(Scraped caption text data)
------------------------
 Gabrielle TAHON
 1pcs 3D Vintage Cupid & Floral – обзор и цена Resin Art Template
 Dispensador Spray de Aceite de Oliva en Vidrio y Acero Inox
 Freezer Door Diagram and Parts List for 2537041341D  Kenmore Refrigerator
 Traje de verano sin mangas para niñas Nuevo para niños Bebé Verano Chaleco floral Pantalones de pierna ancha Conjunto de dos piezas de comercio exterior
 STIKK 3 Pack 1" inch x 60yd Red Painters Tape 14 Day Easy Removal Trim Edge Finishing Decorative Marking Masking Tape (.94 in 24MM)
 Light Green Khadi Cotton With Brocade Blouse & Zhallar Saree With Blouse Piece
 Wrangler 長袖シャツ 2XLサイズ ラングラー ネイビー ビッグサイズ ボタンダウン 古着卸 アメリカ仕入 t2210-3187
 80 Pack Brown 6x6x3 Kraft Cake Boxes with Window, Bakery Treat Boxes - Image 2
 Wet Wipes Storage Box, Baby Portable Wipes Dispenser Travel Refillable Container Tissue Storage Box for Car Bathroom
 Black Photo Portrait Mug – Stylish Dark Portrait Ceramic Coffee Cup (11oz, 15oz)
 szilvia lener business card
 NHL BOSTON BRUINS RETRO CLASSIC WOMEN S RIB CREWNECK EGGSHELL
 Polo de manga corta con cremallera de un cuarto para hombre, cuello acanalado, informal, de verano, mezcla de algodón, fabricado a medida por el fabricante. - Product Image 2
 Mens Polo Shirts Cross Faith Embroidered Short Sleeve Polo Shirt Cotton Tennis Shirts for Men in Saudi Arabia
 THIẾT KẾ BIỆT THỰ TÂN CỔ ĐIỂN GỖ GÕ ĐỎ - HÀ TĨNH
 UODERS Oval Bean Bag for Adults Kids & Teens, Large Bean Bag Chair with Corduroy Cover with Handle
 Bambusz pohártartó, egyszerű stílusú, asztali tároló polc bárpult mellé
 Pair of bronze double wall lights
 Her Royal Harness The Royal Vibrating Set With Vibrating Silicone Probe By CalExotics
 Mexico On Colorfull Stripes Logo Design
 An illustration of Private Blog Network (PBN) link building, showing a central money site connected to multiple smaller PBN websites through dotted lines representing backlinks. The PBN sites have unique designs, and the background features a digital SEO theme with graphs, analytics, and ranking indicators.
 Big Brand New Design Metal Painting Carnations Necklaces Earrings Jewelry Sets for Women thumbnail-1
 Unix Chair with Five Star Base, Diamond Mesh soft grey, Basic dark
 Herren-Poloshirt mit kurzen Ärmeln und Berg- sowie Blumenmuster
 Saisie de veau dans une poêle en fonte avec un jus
------------------------
_Exercise description_: Return, line for line and unchanged, the data from its first line through the line containing "Pair of bronze double wall lights".

_Answer for the task_:
 Gabrielle TAHON
 1pcs 3D Vintage Cupid & Floral – обзор и цена Resin Art Template
 Dispensador Spray de Aceite de Oliva en Vidrio y Acero Inox
 Freezer Door Diagram and Parts List for 2537041341D  Kenmore Refrigerator
 Traje de verano sin mangas para niñas Nuevo para niños Bebé Verano Chaleco floral Pantalones de pierna ancha Conjunto de dos piezas de comercio exterior
 STIKK 3 Pack 1" inch x 60yd Red Painters Tape 14 Day Easy Removal Trim Edge Finishing Decorative Marking Masking Tape (.94 in 24MM)
 Light Green Khadi Cotton With Brocade Blouse & Zhallar Saree With Blouse Piece
 Wrangler 長袖シャツ 2XLサイズ ラングラー ネイビー ビッグサイズ ボタンダウン 古着卸 アメリカ仕入 t2210-3187
 80 Pack Brown 6x6x3 Kraft Cake Boxes with Window, Bakery Treat Boxes - Image 2
 Wet Wipes Storage Box, Baby Portable Wipes Dispenser Travel Refillable Container Tissue Storage Box for Car Bathroom
 Black Photo Portrait Mug – Stylish Dark Portrait Ceramic Coffee Cup (11oz, 15oz)
 szilvia lener business card
 NHL BOSTON BRUINS RETRO CLASSIC WOMEN S RIB CREWNECK EGGSHELL
 Polo de manga corta con cremallera de un cuarto para hombre, cuello acanalado, informal, de verano, mezcla de algodón, fabricado a medida por el fabricante. - Product Image 2
 Mens Polo Shirts Cross Faith Embroidered Short Sleeve Polo Shirt Cotton Tennis Shirts for Men in Saudi Arabia
 THIẾT KẾ BIỆT THỰ TÂN CỔ ĐIỂN GỖ GÕ ĐỎ - HÀ TĨNH
 UODERS Oval Bean Bag for Adults Kids & Teens, Large Bean Bag Chair with Corduroy Cover with Handle
 Bambusz pohártartó, egyszerű stílusú, asztali tároló polc bárpult mellé
 Pair of bronze double wall lights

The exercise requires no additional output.